(Aim of the exercise) Determine how many lines below include the string "desk". Reply with the number only.

*** Opening Record set ***

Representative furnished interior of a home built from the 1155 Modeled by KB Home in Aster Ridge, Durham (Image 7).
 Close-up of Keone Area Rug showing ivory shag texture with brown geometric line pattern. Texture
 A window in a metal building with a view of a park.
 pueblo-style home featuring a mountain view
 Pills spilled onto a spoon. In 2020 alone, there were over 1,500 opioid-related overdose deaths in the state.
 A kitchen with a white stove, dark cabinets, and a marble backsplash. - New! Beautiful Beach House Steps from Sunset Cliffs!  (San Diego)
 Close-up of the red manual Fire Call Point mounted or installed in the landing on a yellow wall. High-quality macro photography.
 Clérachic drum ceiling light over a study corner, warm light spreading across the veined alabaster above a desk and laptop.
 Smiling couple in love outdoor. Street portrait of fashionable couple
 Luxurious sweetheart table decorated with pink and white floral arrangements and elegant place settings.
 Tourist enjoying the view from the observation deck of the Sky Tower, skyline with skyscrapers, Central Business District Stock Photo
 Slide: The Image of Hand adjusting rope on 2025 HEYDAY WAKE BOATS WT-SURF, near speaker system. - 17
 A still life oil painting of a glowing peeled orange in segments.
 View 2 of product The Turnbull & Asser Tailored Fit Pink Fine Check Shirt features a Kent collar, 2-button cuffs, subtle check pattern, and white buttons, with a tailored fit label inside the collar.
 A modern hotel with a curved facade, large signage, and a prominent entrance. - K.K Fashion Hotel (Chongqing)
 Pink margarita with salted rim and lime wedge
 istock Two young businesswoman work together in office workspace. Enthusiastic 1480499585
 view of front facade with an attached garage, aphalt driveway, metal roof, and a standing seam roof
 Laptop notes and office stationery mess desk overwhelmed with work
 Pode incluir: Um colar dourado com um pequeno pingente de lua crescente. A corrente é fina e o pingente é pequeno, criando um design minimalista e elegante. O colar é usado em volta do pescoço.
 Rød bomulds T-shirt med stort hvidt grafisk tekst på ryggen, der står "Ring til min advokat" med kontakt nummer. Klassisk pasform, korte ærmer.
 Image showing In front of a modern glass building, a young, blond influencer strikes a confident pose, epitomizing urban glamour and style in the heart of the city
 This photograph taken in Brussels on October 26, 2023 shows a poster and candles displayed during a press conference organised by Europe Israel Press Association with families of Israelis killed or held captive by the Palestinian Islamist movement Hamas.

*** Closing Record set ***

(Finished exercise) 2